**Records supplied**

───

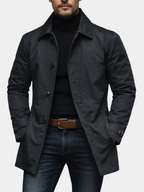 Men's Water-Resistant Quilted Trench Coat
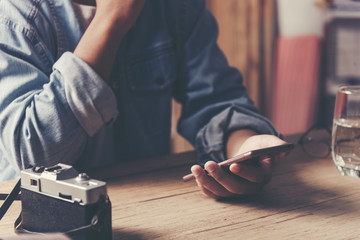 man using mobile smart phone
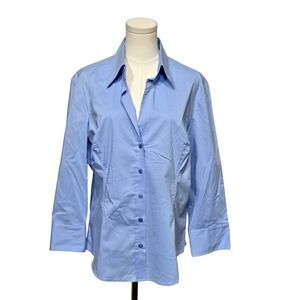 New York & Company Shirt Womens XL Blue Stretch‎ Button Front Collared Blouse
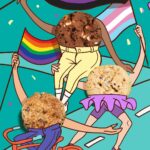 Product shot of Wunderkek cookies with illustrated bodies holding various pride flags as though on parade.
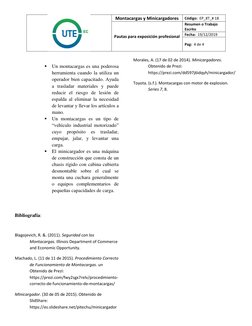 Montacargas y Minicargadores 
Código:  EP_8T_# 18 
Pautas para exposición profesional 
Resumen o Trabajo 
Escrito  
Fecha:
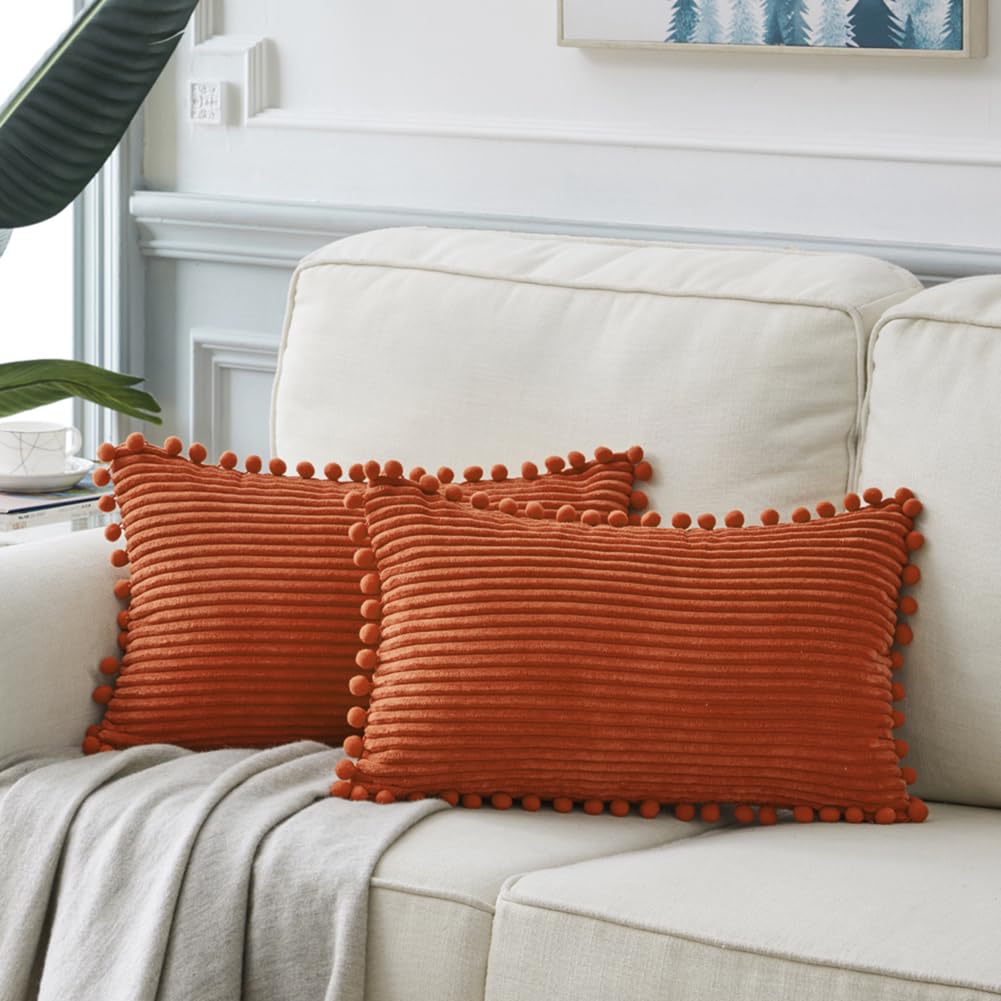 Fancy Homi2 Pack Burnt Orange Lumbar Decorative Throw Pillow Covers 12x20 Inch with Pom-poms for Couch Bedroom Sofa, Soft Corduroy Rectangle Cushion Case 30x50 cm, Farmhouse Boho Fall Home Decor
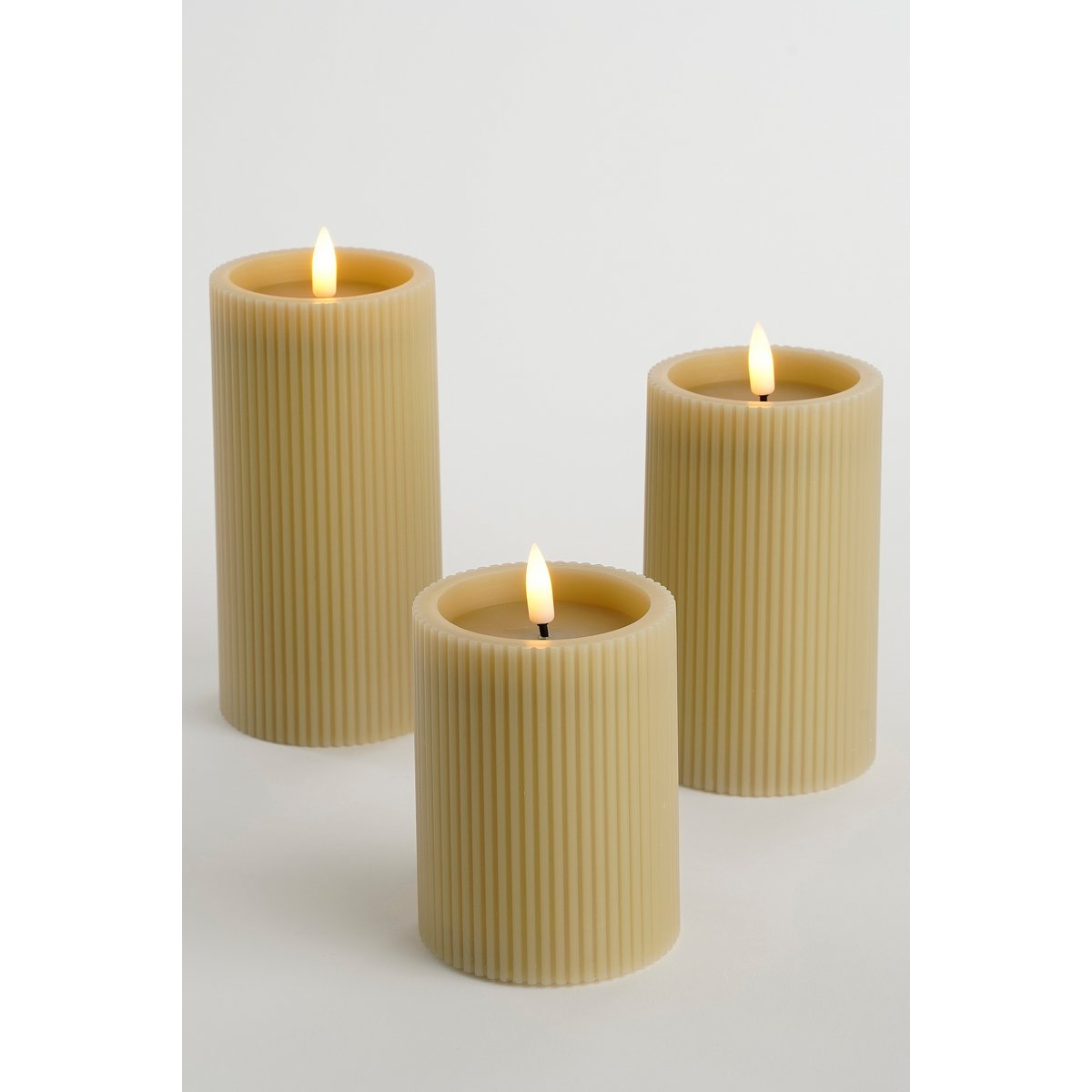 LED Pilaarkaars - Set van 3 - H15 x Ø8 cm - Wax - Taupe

───

**Work item**
Without including the pictures, return each record above exactly as it stands.

**Exercise response**
 Men's Water-Resistant Quilted Trench Coat
 man using mobile smart phone
 New York & Company Shirt Womens XL Blue Stretch‎ Button Front Collared Blouse
 Product shot of Wunderkek cookies with illustrated bodies holding various pride flags as though on parade.
 Montacargas y Minicargadores 
Código:  EP_8T_# 18 
Pautas para exposición profesional 
Resumen o Trabajo 
Escrito  
Fecha:
 Fancy Homi2 Pack Burnt Orange Lumbar Decorative Throw Pillow Covers 12x20 Inch with Pom-poms for Couch Bedroom Sofa, Soft Corduroy Rectangle Cushion Case 30x50 cm, Farmhouse Boho Fall Home Decor
 LED Pilaarkaars - Set van 3 - H15 x Ø8 cm - Wax - Taupe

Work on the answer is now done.